Cuando subí, le pregunté por el Barrio Sao Bento y la respuesta fue contundente: “No voy a ese barrio, te equivocaste de ómnibus”. Ay, ay, ay, pensé. Todo esto por ahorrarme 30 reales. Si esto no es ser mochilero, entonces ¿qué es?. El colectivero me dijo que me llevaría hasta otro parada por la que pasaba y en la que sí podía tomar el colectivo hacia el barrio Sao Bento. Así lo hizo, y cuando bajé, y pregunté, las personas que allí se encontraban me confirmaron que allí paraba e colectivo correcto. Afortunadamente llegó enseguida. Me acomodé como pude en el primer asiento, sin sacarme el equipaje de encima, porque era más terrible sacármelo y volvérmelo a poner, que aguantar el peso del mismo con medio glúteo sobre el asiento.
El siguiente problema a resolver era encontrar la calle Raú Pedreira Passos, donde quedaba la casa de Bernardo. Nadie tenía la más pálida idea de donde quedaba ni había sentido nombrarla jamás, y eso que me paré en medio del ómnibus preguntando a los gritos si alguien la conocía. Pero ninguno de los pasajeros que allí estaban, ni los que fueron subiendo después consiguieron orientarme pese a sus amables intenciones.

El colectivo demoró bastante, efectivamente el barrio quedaba lejos. Me dejó en la entrada del barrio Sao Bento, y allí estaba el famoso letrero del que me habían hablado, sólo que no decía “DONUTS”, sino “DRUGSTORE”. Bastante esfuerzo hacía para comprender el portugués como para encima andar entendiendo palabras en inglés.
Frente a la droguería había una parada de taxis, y un único taxista dormía en el interior de un auto. Tuve que golpearle la ventanilla hasta despertarlo. Había comenzado a lloviznar y ya hacía una hora que venía cargando aquel pesadísimo equipaje. Cuando le dije que iba a la calle Pedreira dos Passos hizo un gesto de extrañeza. Buscó un mapa, comenzó a interrogarme y a dilucidar adónde iba, de donde venía, quién me había dado aquella extraña dirección y qué se yo cuántas cosas más. Y lo pero del caso era que llamativamente, el taxista, mientras decía todas esas cosas, no paraba de rascarse los testículos, de un modo obsesivo, y hasta frenético diría yo, que llegó a incomodarme. No solo se rascaba sino que se los agarraba, como si una cucaracha inquieta se le hubiese metido entre las piernas. Después de unos diez minutos de dudas, preguntas y picazones, se comunicó por radio con otro taxista quien le indicó cuál era la calle que nadie parecía conocer en Belo Horizonte. Me subí al taxi bajo la llovizna, y al cabo de 3 breves cuadras dijo: “es aquí”. Y allí era, a sólo 3 cuadras de donde me había dejado el colectivo. De haberlo sabido no me hubiese mojado tanto, hubiese llegado más rápido y hubiese evitado a aquel desagradable tipo que no paraba de rascarse los genitales.

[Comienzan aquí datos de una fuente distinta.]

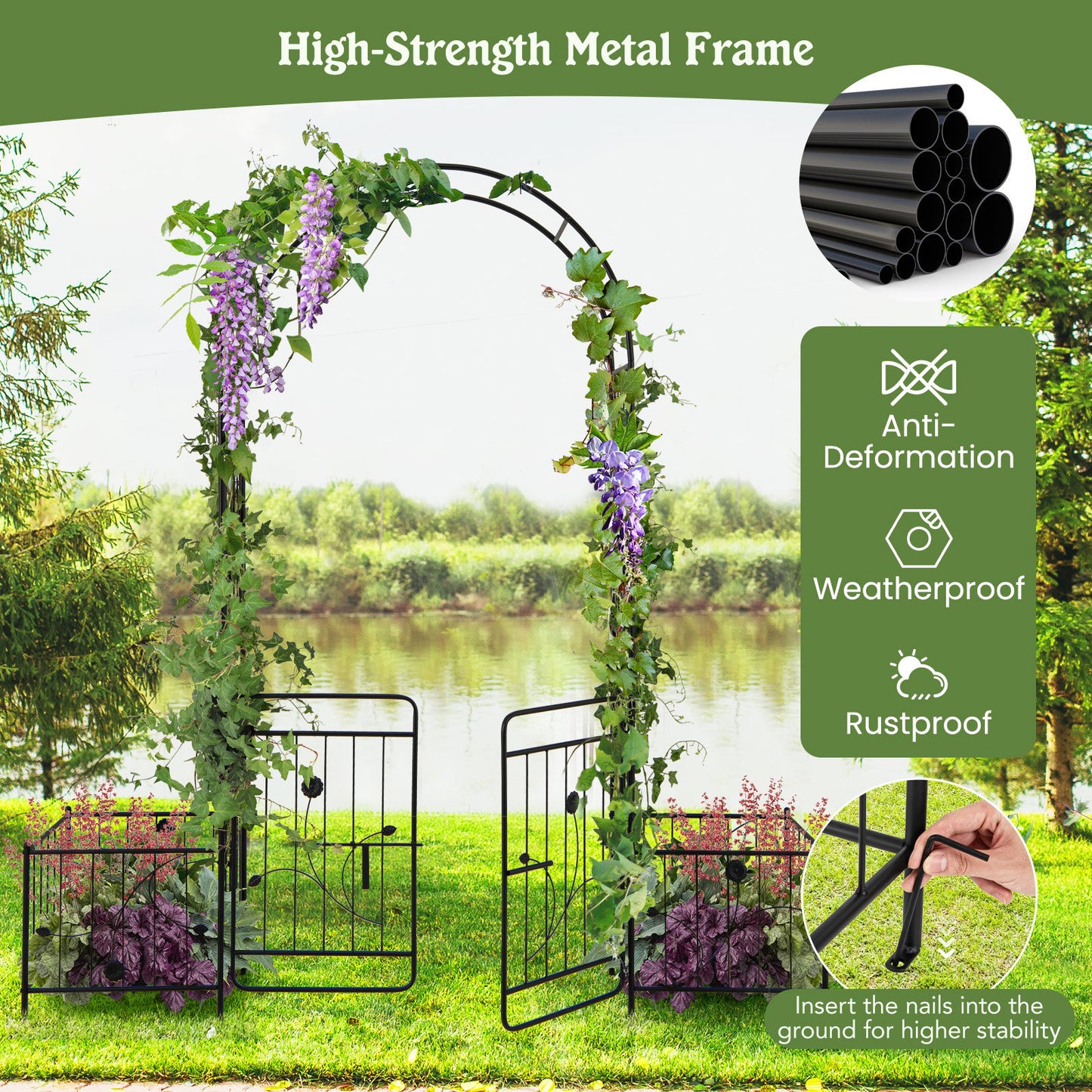 87 Inch Garden Arbor with Lockable Gate, Climbing Trellis, and Side Planters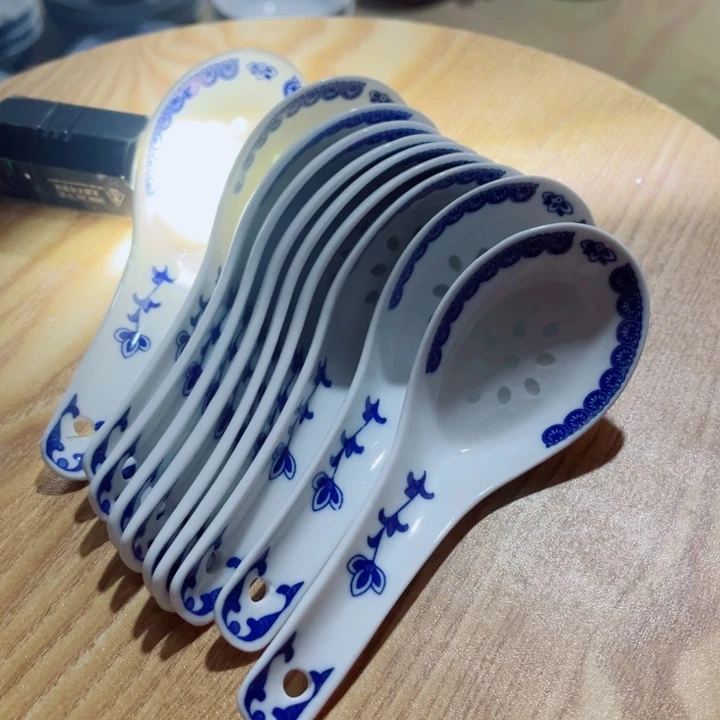 青花玲珑小勺子10个小花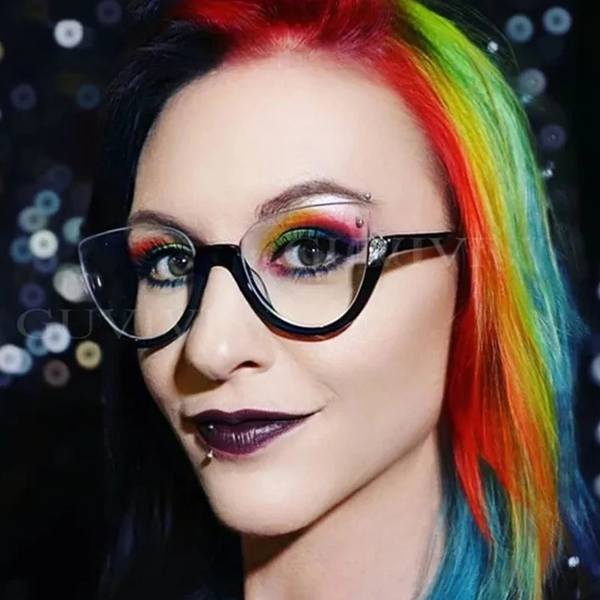 Transparent Cat Eye Prescription Glasses Frame Women Men Eyewear Optical Spectacle Diamond Clear Lens Eyeglasses Eyeglass Frames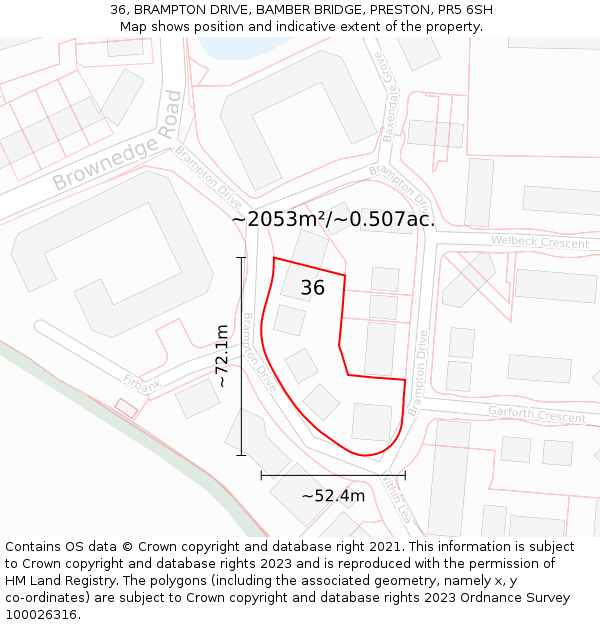 36, BRAMPTON DRIVE, BAMBER BRIDGE, PRESTON, PR5 6SH: Plot and title map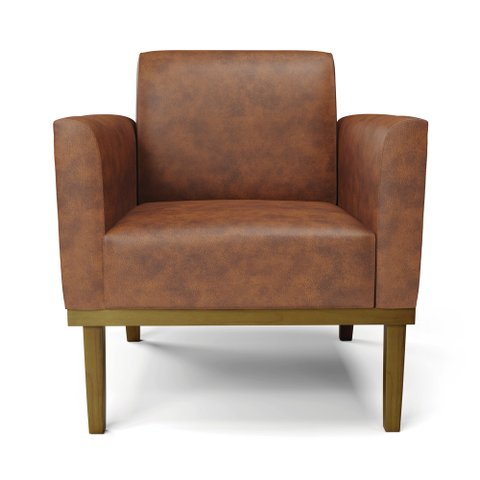 Kit 2 Poltronas Decorativas Isabella Pés Fixo em Madeira Castanho Pu Nozes G19 - Gran Belo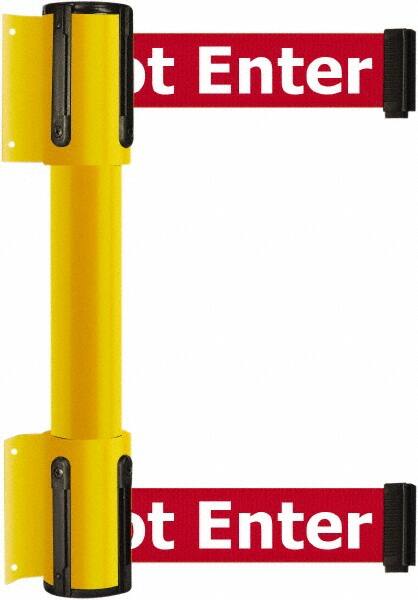Tensator - 16.64" High x 89" Long x 3" Wide Barrier Dual Line Wall Mount - Steel, Yellow Powdercoat Finish, Yellow, Use with 898 Wall Receiver - Benchmark Tooling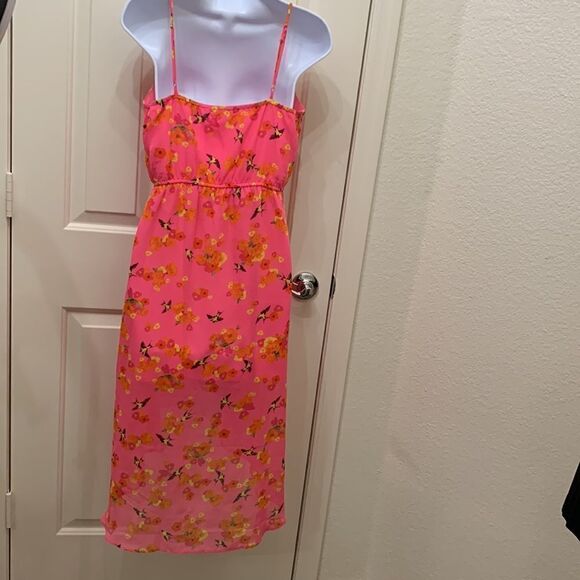 Free Bird Medium Pink Scoop Neck Spaghetti Straps Hi Lo Hem Birds Flowers Dress - Picture 7 of 8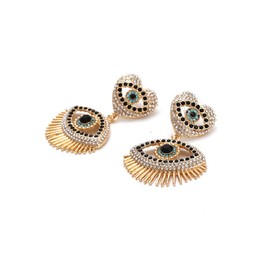 Eye Statement Earrings for Women, Eye Heart Dangle Earrings for Girls, Evil Eye Earrings Hypoallergenic, Blue Eye Earrings Studs, Beaded Eyes Drop Earrings, Cute Eye Jewelry Gifts Funny Earrings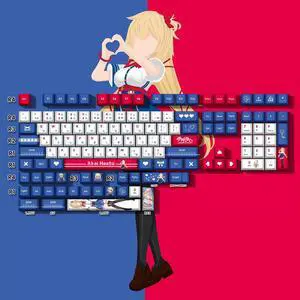 Vtuber Two-dimensional Akai Haato PBT heat-sublimation keycaps 132 key set Cherry Height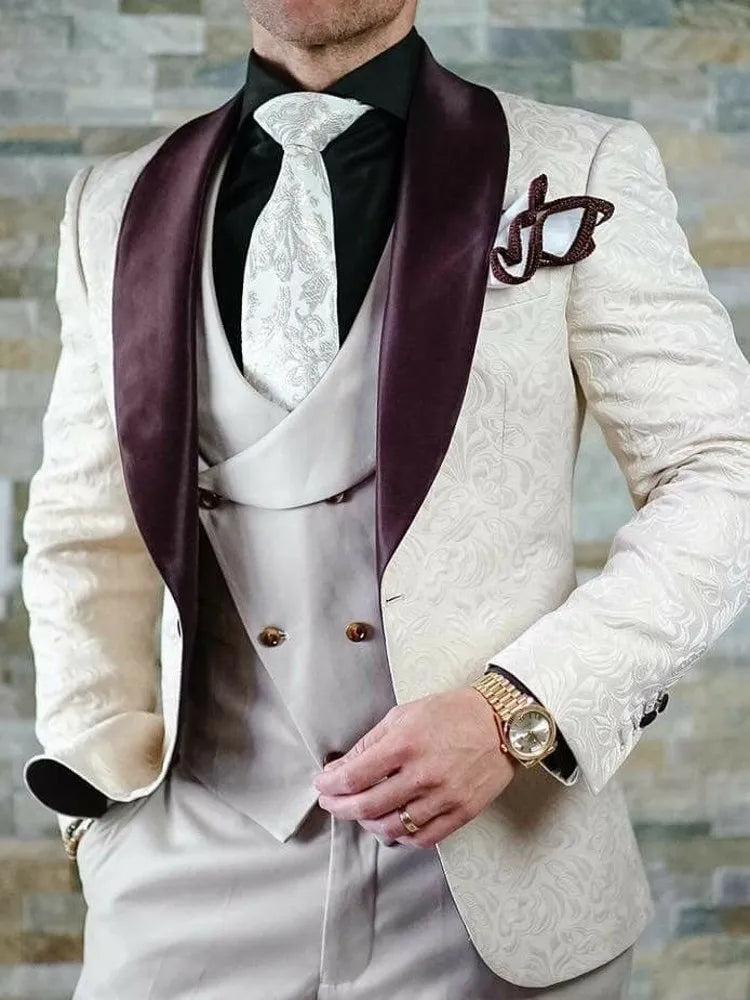Hot Selling Men Suits Pattern and Black Groom Tuxedos Shawl Satin Lapel Groomsmen Wedding Best Man ( Jacket+Pants+Vest+Tie) C691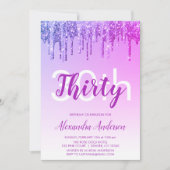 Paarse Sparkle Glitter 30th Birthday Party Kaart (Voorkant)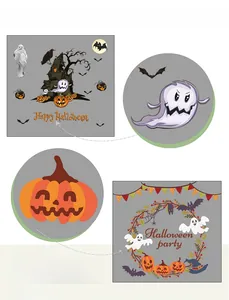 Detail of high-quality printed Halloween stickers with pumpkin and ghost motifs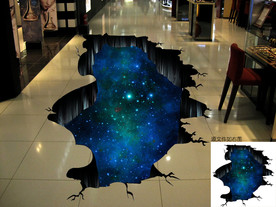 高清3D立体蓝色星空地贴地画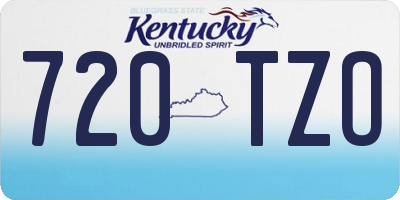 KY license plate 720TZO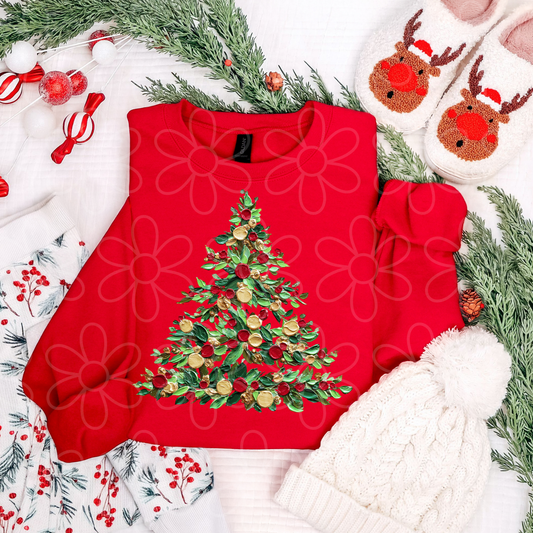Painted Christmas Tree Kids Completed Tee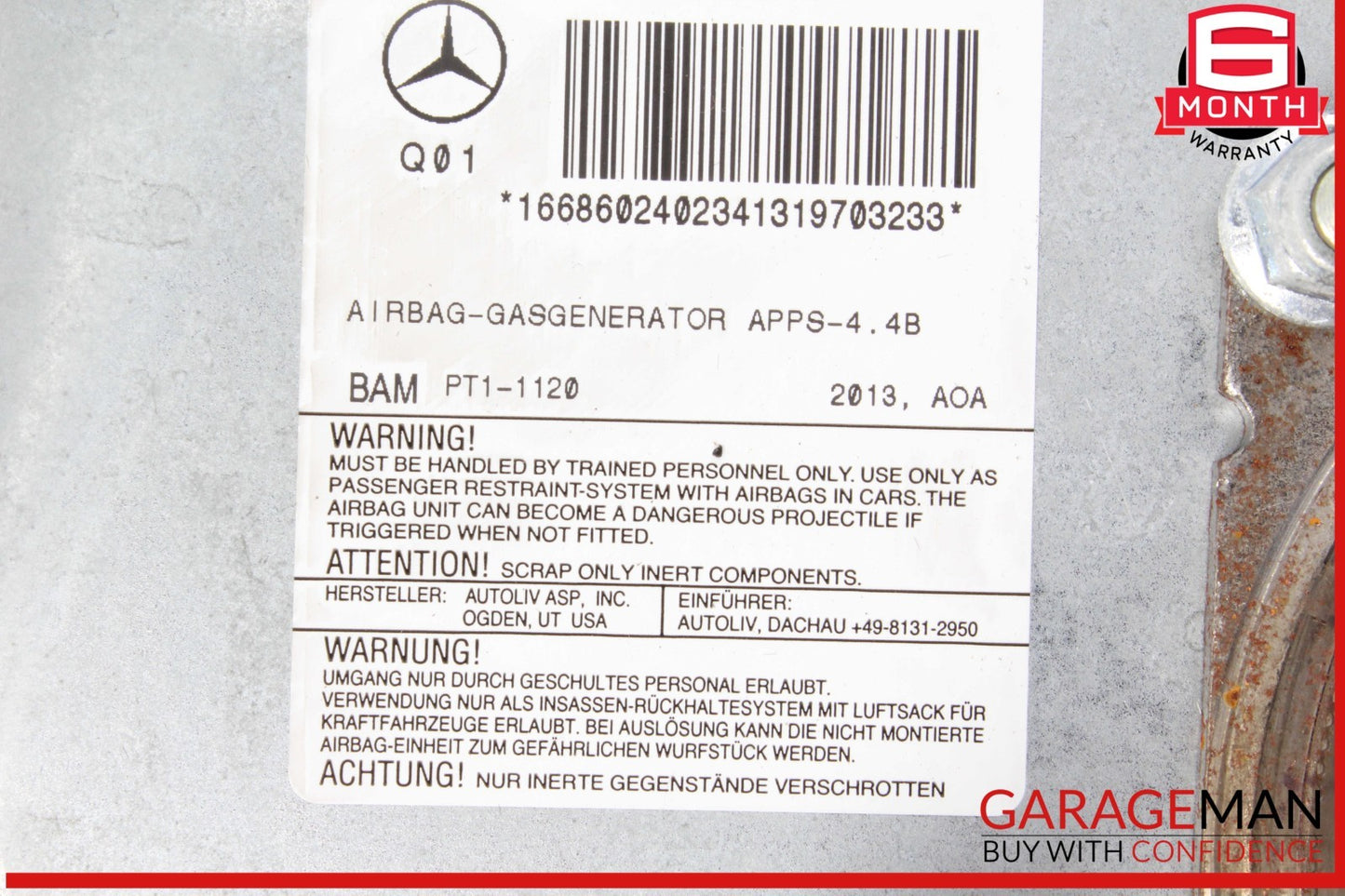 12-16 Mercedes X166 GL450 4MATIC Front Right Passenger Side Dashboard Air Bag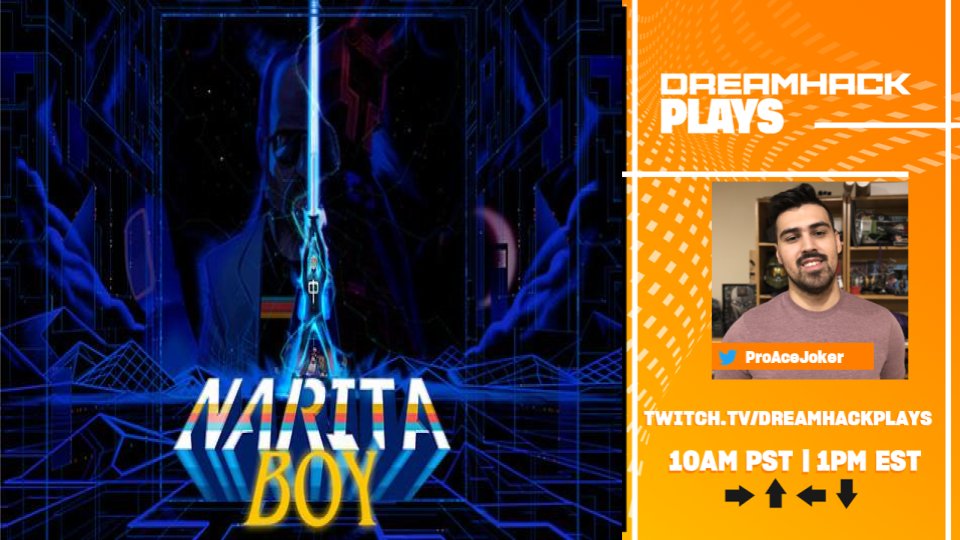DreamHack's tweet photo. We've got more #NaritaBoy from @studiokobagame &amp; @Team17!

Tune in to @ProAceJoker to win a copy of the game and learn more about #SavingTheArcadeWorld! 

🔴https://t.co/7wPz4XmVGN 🔴 https://t.co/DOlSxm6ZNj
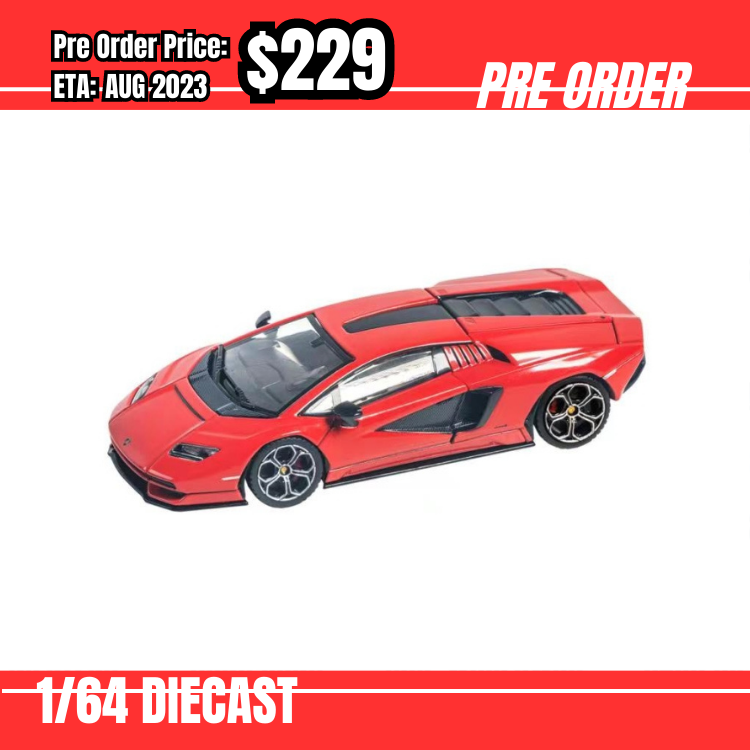 PO-$229 * HH Toys  * 1:64 Lamborghini Countach LPI800-4 Red w/ Black Wheels [01/08]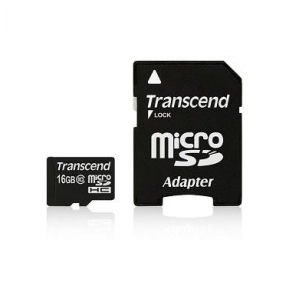 MEMORY MICRO SDHC 16GB W/ADAPT/CLASS10 TS16GUSDHC10 TRANSCEND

Hice esperar al taxista hasta que alguien saliese de la casa, pues los contratiempos estaban de mi lado hasta el momento. Entonces salió el hermano de Bernardo que me esperaba desde hacía dos horas, pagué los cuatro reales que me cobró el taxista y comencé a contarle a mi albergador todo lo que me había sucedido en aquel intrépido viaje desde Río de Janeiro hasta su casa. Debí llegar bastante exaltado y acelerado puesto que después de mi rápido monólogo, el hermano de Bernardo exclamó: “Você fala muito bem portugués”. A los pocos minutos llegó Bernardo, le entregué el minúsculo llavero que le había llevado de Argentina por su cumpleaños y por su gentileza, me ubicó en una habitación se su enorme y preciosa casa y luego de una breve charla nos fuimos a dormir. El viaje me había servido como experiencia de estar absolutamente dolo y perdido en una ciudad en la que nadie te conoce ni sabe de tu existencia. Pues esta no sería la primera vez que me pasaba eso en el estado de Minas Gerais.